Task directions ::
Take the entries below and print, exactly, the stretch from the line containing "Naturlig hud - dildo 20 cm (naturfärgad)" through the line containing "Souleymane Basse Valenciennes FC shirt", both included.

Input material ::

★ ★ ★ ★

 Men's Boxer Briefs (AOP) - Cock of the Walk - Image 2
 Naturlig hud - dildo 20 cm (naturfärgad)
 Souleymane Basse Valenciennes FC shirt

★ ★ ★ ★

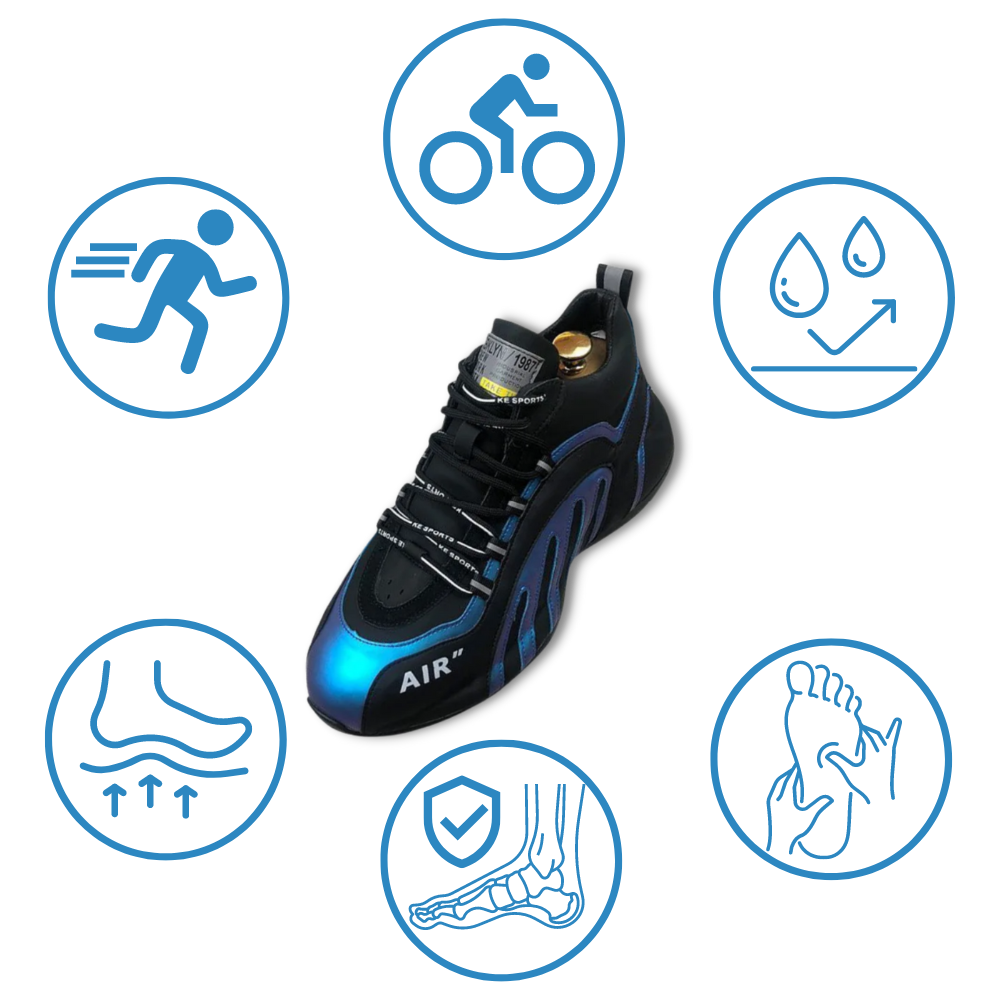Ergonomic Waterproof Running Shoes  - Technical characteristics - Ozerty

★ ★ ★ ★

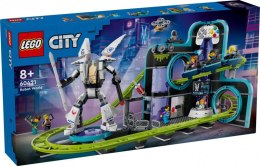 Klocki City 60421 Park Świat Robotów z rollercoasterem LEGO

★ ★ ★ ★

Output of the task ::
 Naturlig hud - dildo 20 cm (naturfärgad)
 Souleymane Basse Valenciennes FC shirt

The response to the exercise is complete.